The data:
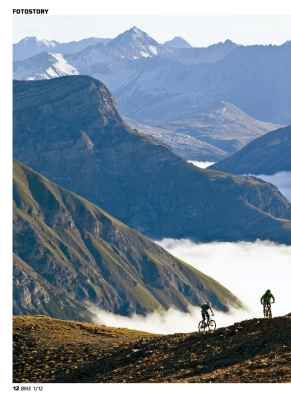 Italien: Livignos alte Schmugglerpfade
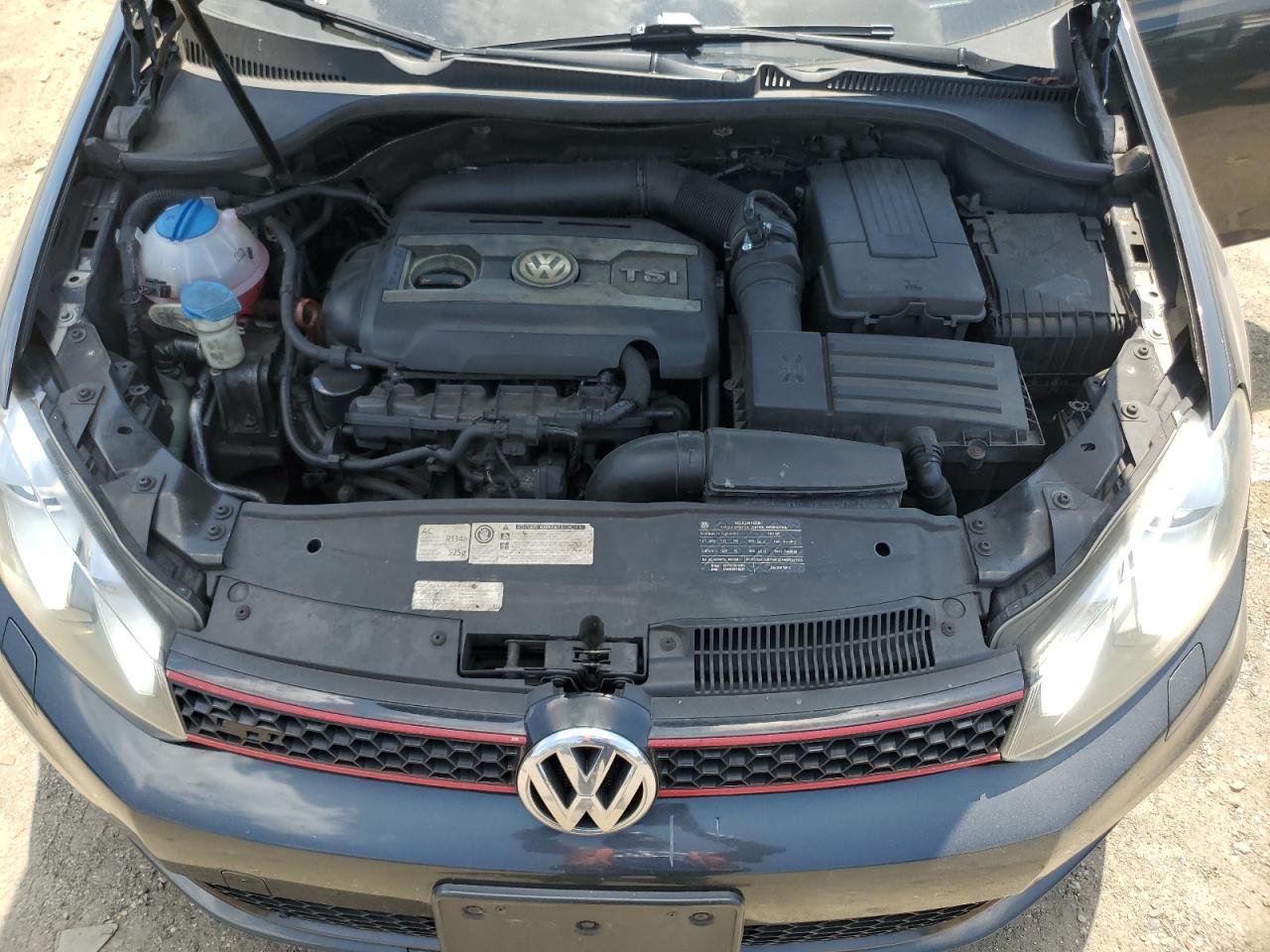 2011 Volkswagen Gti VIN: WVWHD7AJ1BW322881 Lot: 62034035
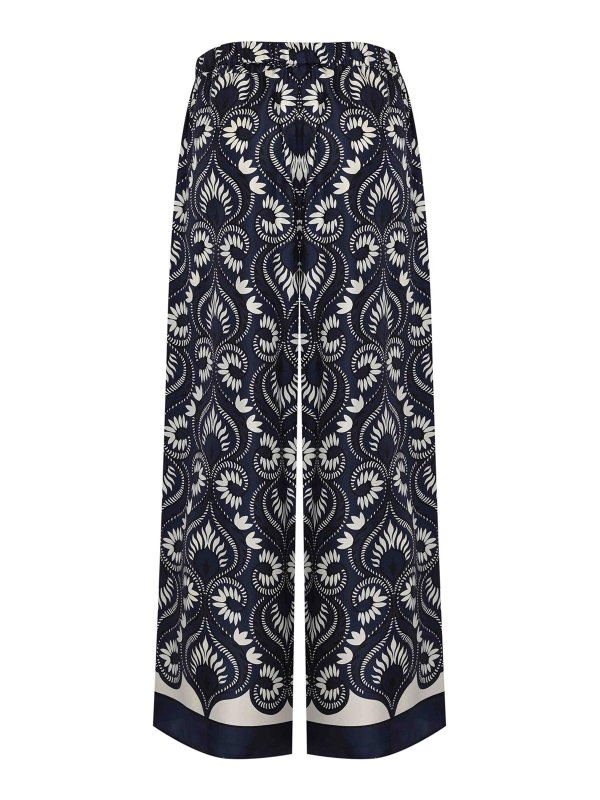 WEEKEND MAX MARA: カジュアルトラウザー online - カジュアルパンツ - ブルー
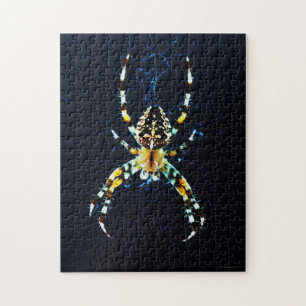 European Garden Spider 11x14 252pc jpcn Legpuzzel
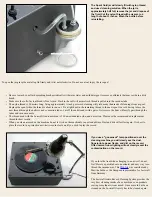 Preview for 5 page of Loricraft Audio LORICRAFT AUDIO RECORD CLEANING SYSTEM Set Up And Operation Manual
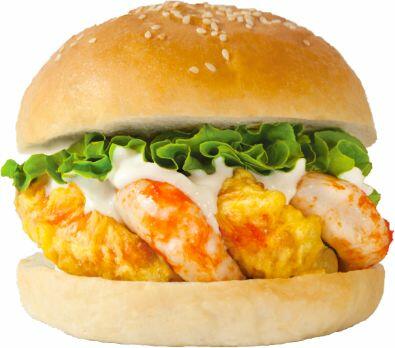VG Shrimp Burger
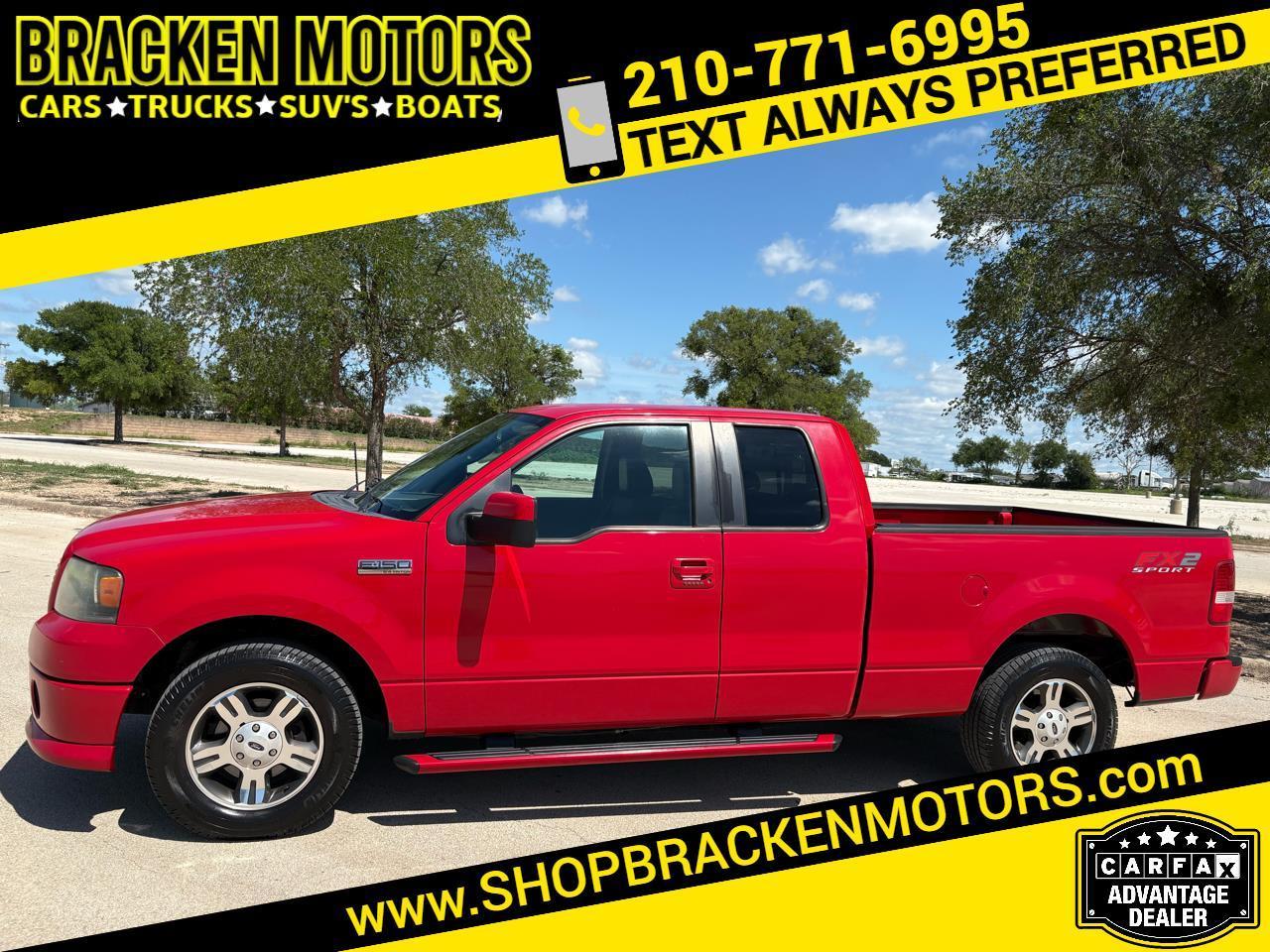 2007 Ford F-150 2WD Supercab FX2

What is expected:
Output everything in the records above word for word, but not the pictures.

Solution for this task:
 Italien: Livignos alte Schmugglerpfade
 2011 Volkswagen Gti VIN: WVWHD7AJ1BW322881 Lot: 62034035
 WEEKEND MAX MARA: カジュアルトラウザー online - カジュアルパンツ - ブルー
 European Garden Spider 11x14 252pc jpcn Legpuzzel
 Preview for 5 page of Loricraft Audio LORICRAFT AUDIO RECORD CLEANING SYSTEM Set Up And Operation Manual
VG Shrimp Burger
 2007 Ford F-150 2WD Supercab FX2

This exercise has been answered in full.